= Instructions for the task =
Repeat exactly the lines running from the first line of the data to the line containing "The second part", both ends included, and nothing else; drop the pictures.
☆ ☆ ☆ ☆ ☆
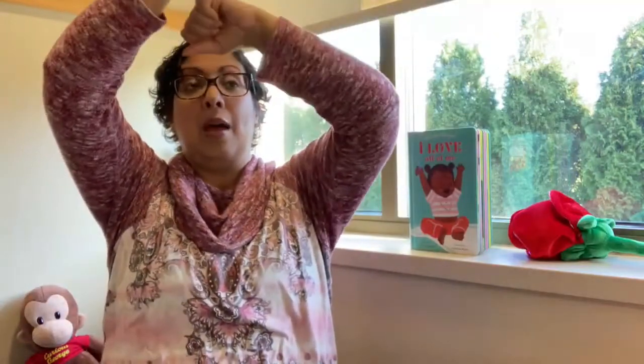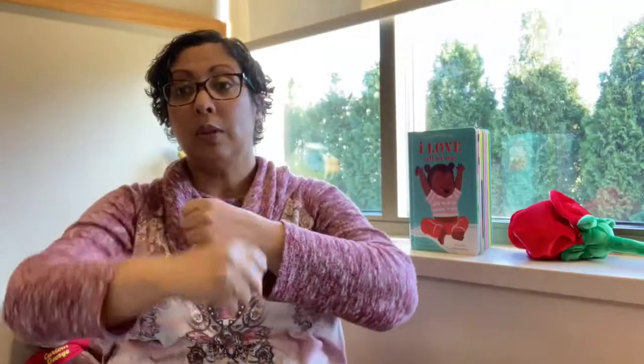Roly-poly, roly-poly, up, up, up. Roly-poly, roly-poly, down, down, down.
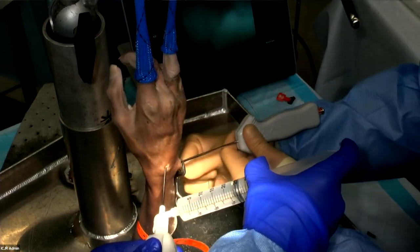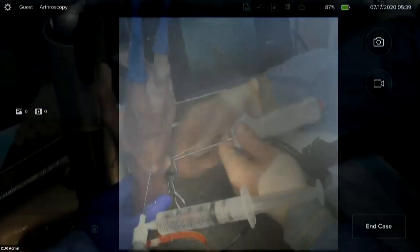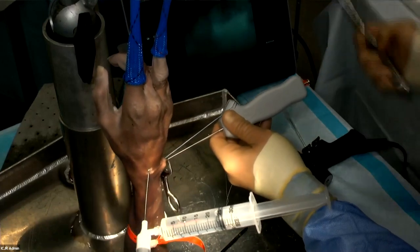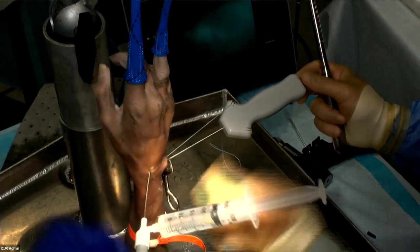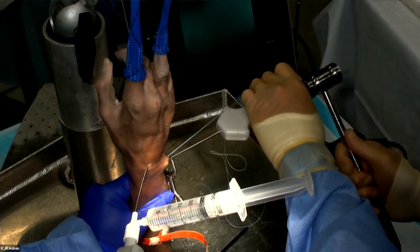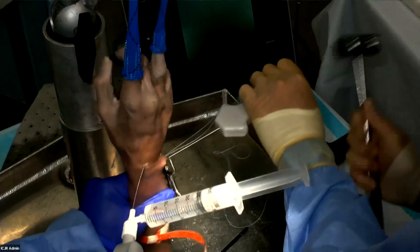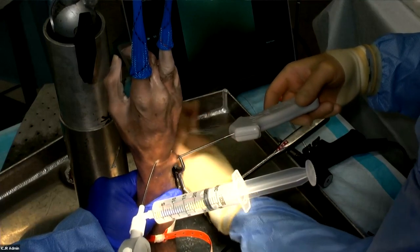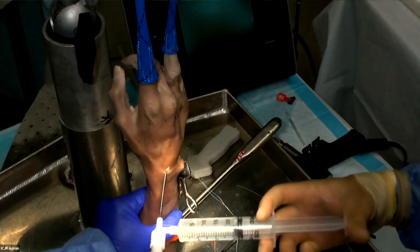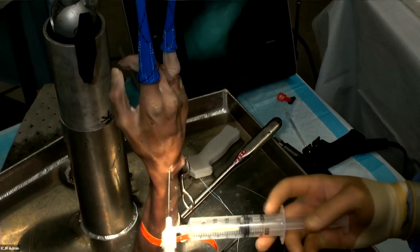I'm going to tension the sutures one at a time and cleat them onto the suture anchor, then impact it — give me a little counterforce on the forearm, thanks. Once the anchor is down to the bone, take the orange plastic off and seat the anchor the rest of the way. There we go — the TFC is now tensioned back down to the ulnar fovea.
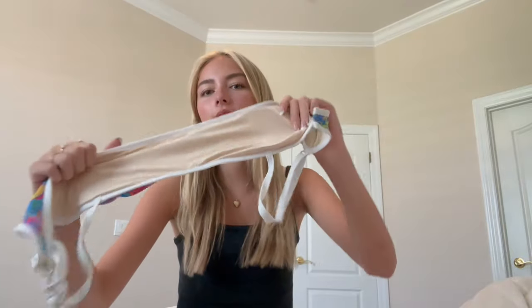Hey guys, so after trying them all on, here are a couple of takeaways. First, they feel really cooling — the material is super silky, which I like. The silkiness makes it comfortable and cooling, and it's so hot here that it's just nice to have something that keeps you cool.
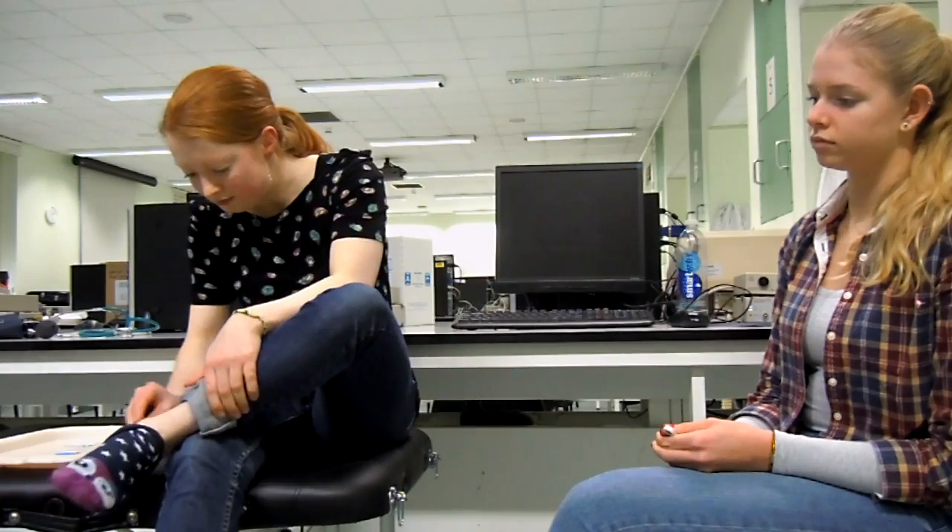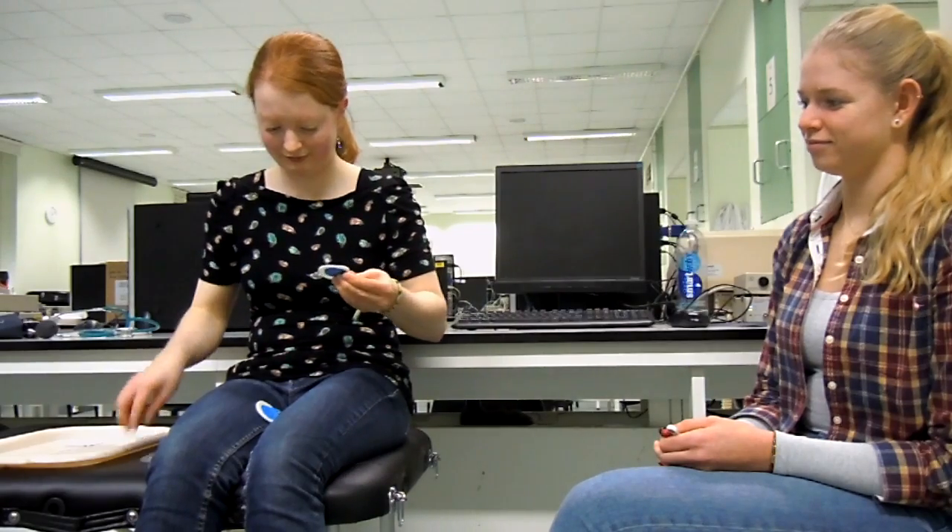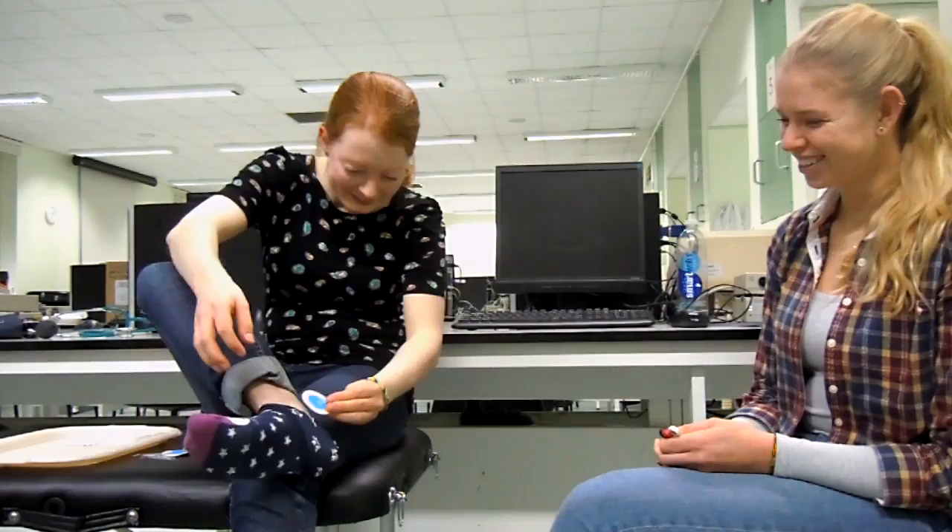The second part of your practical experiment is going to be measuring your respiratory sinus arrhythmia with the use of an ECG, and we're going to show you the setup. You're going to start with an alcohol wipe, cleaning the areas of the skin to put the electrode pads on — the right wrist and right and left ankles. Then using your ECG pads, you're going to stick those to your right wrist and right and left ankles.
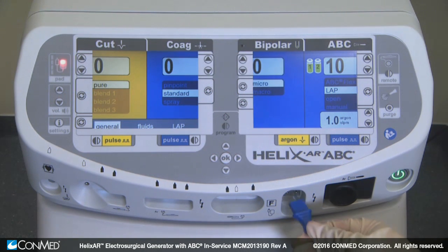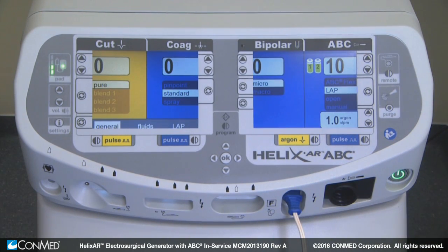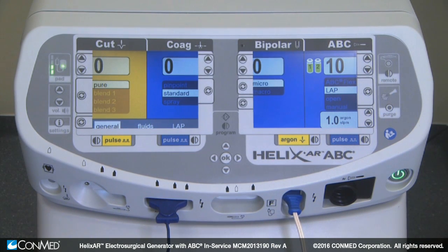When a dual-foil dispersive electrode is applied to the patient and connected to the generator, the indicator flashes green and the contact quality bar illuminates between one to four bars based on quality of electrode contact. Once a monopolar device is successfully activated, the pad indicator will turn steady green and the contact quality bar will illuminate all four bars. If the quality of contact deteriorates, bars will be extinguished.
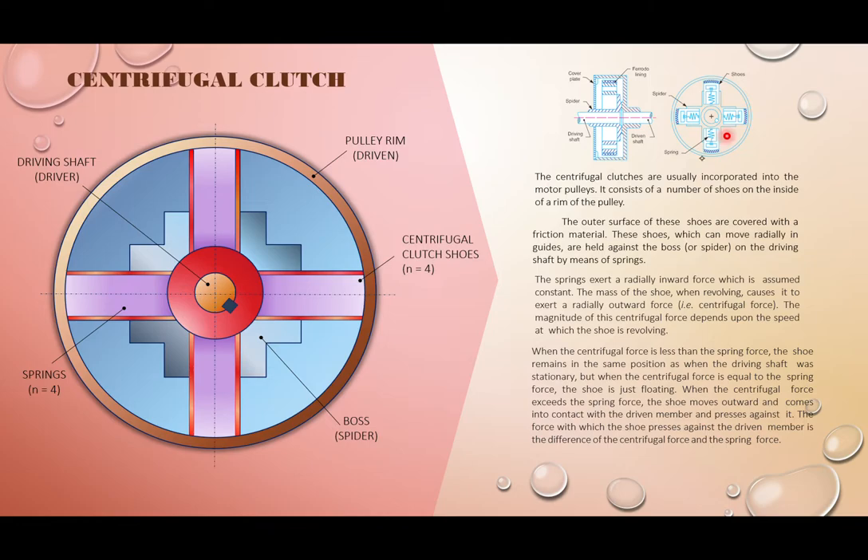The clutch engages or disengages based on the rotational speed of the driving shaft. When the shaft rotates, it throws the shoes radially outwards through the guides. The boss or spider holds the guides and springs. In actual practice, we don't use closed coil helical springs like shown — this diagram is just to illustrate how it works.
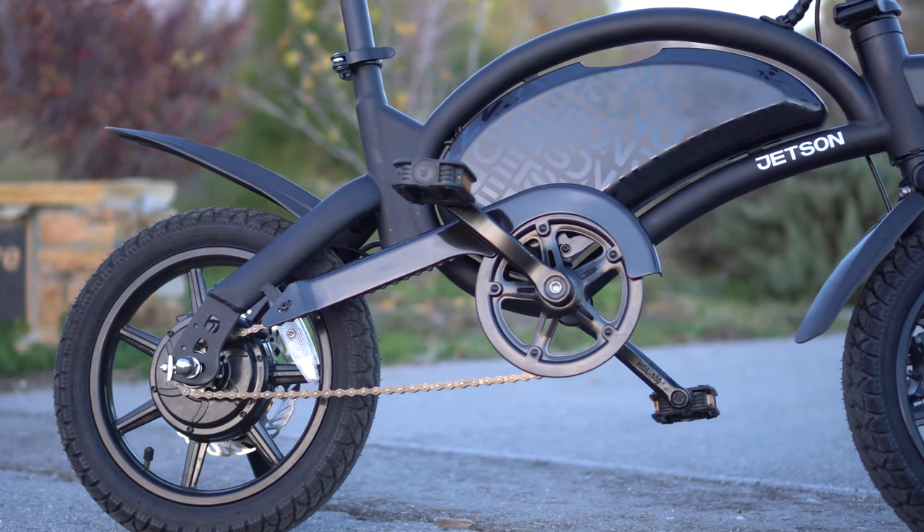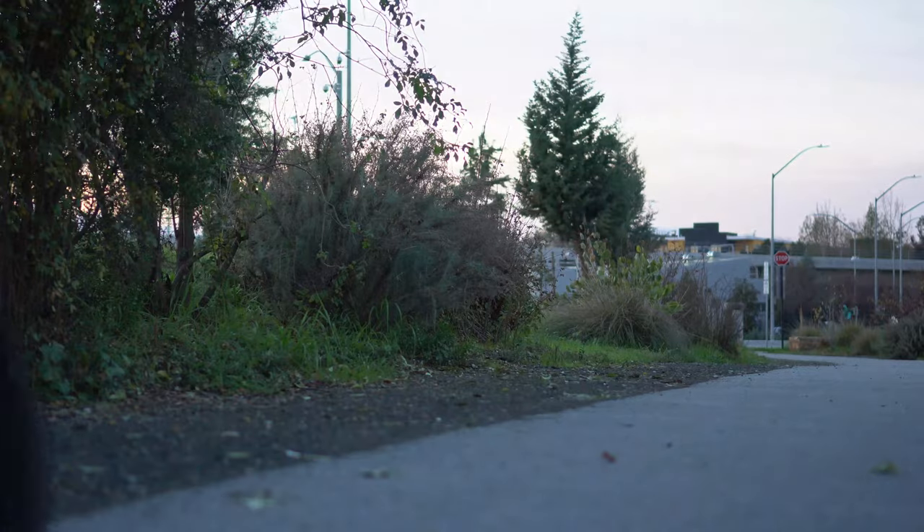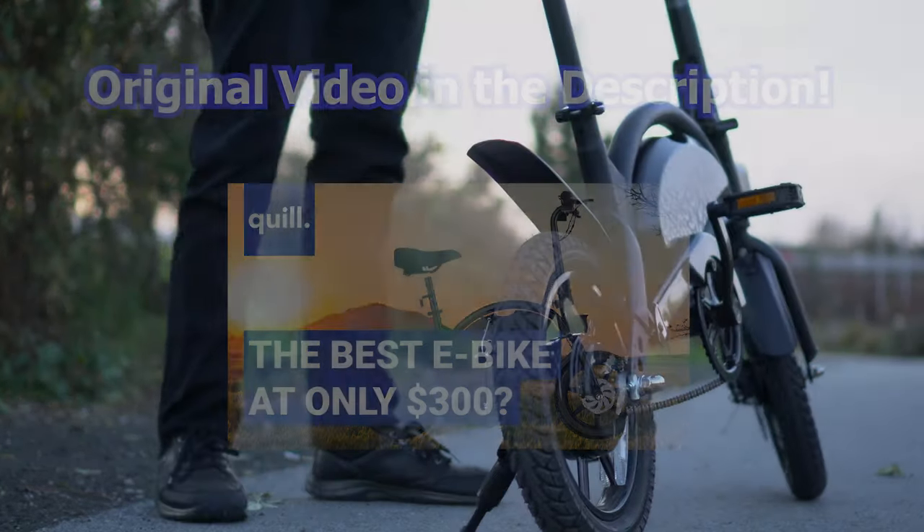If you are thinking about purchasing a Jetson Bolt Pro or just want to know if you made a good purchase, be sure to check out my video reviewing all the features of the Bolt Pro and how to fix common issues. This video will be linked in the description.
☆ ☆ ☆ ☆ ☆
= Solution to the exercise =
Roly-poly, roly-poly, up, up, up. Roly-poly, roly-poly, down, down, down.
I'm going to tension the sutures one at a time and cleat them onto the suture anchor, then impact it — give me a little counterforce on the forearm, thanks. Once the anchor is down to the bone, take the orange plastic off and seat the anchor the rest of the way. There we go — the TFC is now tensioned back down to the ulnar fovea.
Hey guys, so after trying them all on, here are a couple of takeaways. First, they feel really cooling — the material is super silky, which I like. The silkiness makes it comfortable and cooling, and it's so hot here that it's just nice to have something that keeps you cool.
The second part of your practical experiment is going to be measuring your respiratory sinus arrhythmia with the use of an ECG, and we're going to show you the setup. You're going to start with an alcohol wipe, cleaning the areas of the skin to put the electrode pads on — the right wrist and right and left ankles. Then using your ECG pads, you're going to stick those to your right wrist and right and left ankles.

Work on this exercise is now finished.